- Jeane Slone
Author Power: A Different Kind of Distribution
August 2012
by D. Patrick Miller
Take a stroll down the sidewalk of the Sonoma Marketplace, and right next to the Whole Foods grocery you’ll see a distressing sign of the times. It’s the empty storefront of Bookends, an independent bookstore that served the Northern California farm-and-winery town of Sonoma for 32 years before closing in the fall of 2011, citing death by Kindle and other heartless forces of modern commerce.
Just on the other side of Whole Foods, you’ll find another, more encouraging sign. Inside the Barking Dog coffeehouse, there are three shelves of neatly arranged books, all signed by local authors, each with a simple typeset description attached that includes what town the author lives in. There’s no clue to the origin of this minibookstore until you notice a letter-sized sign saying Buy local authors’ autographed books here!—and a small-type note saying that authors who want to join the show on the shelves should email one Jeane Slone.
Slone is the self-published author of two historical novels—She Flew Bombers During WWII and She Built Ships During World War II—the first title a winner of a Next Generation Indie Book Award this year. She’s also an activist with the 250-member Redwood Writers Club. Slone manages a coffeehouse and gift shop bookselling network comprising about a dozen retail outlets in Sonoma County, selling books for about 90 authors besides herself. But she admits that the original inspiration for her guerrilla-style marketing effort was less than altruistic.

- Autographed books by local authors, complete with book descriptions, on tap along with coffee in Northern California
“I didn’t really want to sell other people’s books, just my own,” she says, laughing, as we talk inside another coffeehouse, the Bean Affair in Healdsburg, 45 minutes west of Sonoma, where it all began just over a year ago. “But I knew other writers through our Redwood group, so I took a few books besides mine when I came here to talk to the manager about marketing inside the store.”
“She said she had an empty display table that we could use,” Slone continues, “and that’s how all this got started. I was actually surprised how excited I became when I sold other people’s books!” Slone cites the Bean Affair as the most successful of all the retail outlets, selling 25 to 35 copies of the various titles monthly. The authors get 60 percent of their cover price; Slone retains 25 percent;, and the store keeps 15 percent.

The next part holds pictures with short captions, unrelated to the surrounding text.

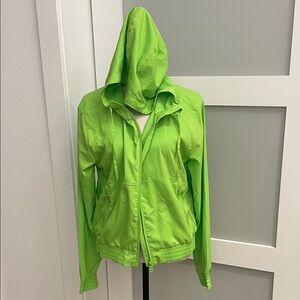 Girlfriend Collective Lime Green Activewear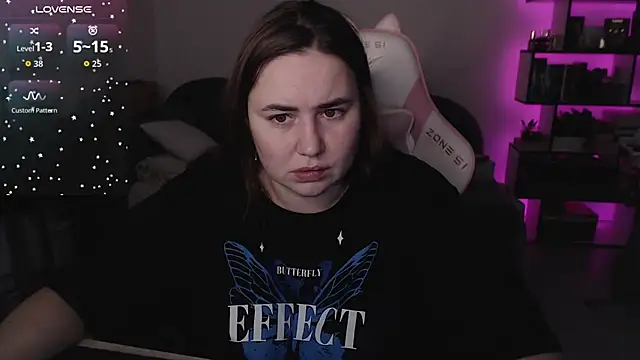 SexyWitch 666 online show from November 29, 2025, 6:38 am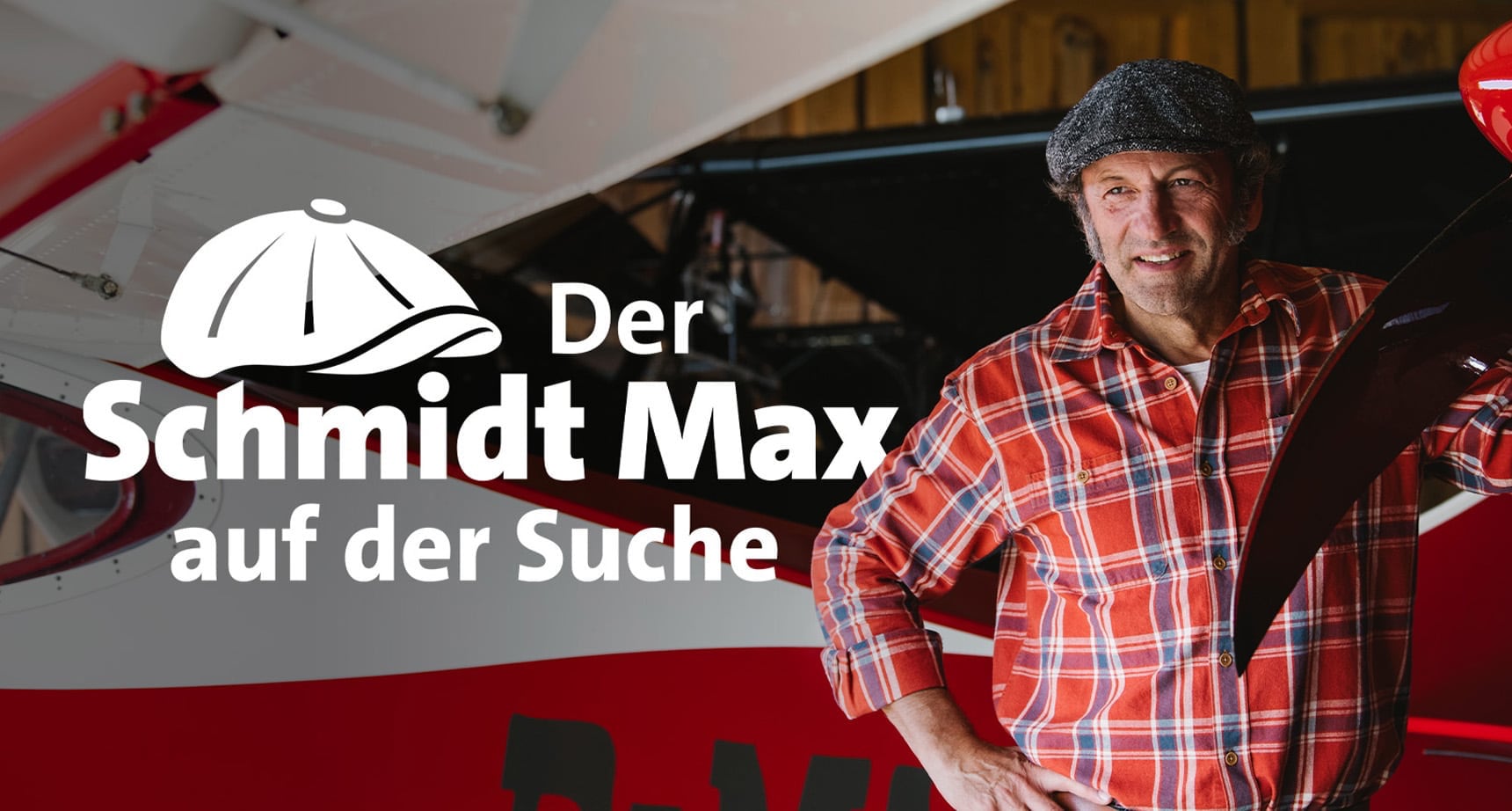 South & Browse Filmproduktion - Der Schmidt Max auf der Suche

For her percentage, Slone, who retired from a previous business two years ago, finds that she has quite enough to do—from creating the placards that describe each book to sticking a simple inventory slip inside each front cover. When a book is sold, the store puts the slip into a stack, and accounts are reconciled on a monthly basis.
The Bean Affair, which does not market much of the high-priced coffee paraphernalia one usually finds inside a Starbucks or Peets, makes about $100 a month for the rent of its large circular table. Located about 10 feet in front of the cashier, the book display provides a meaningful distraction for customers waiting in line for their coffee.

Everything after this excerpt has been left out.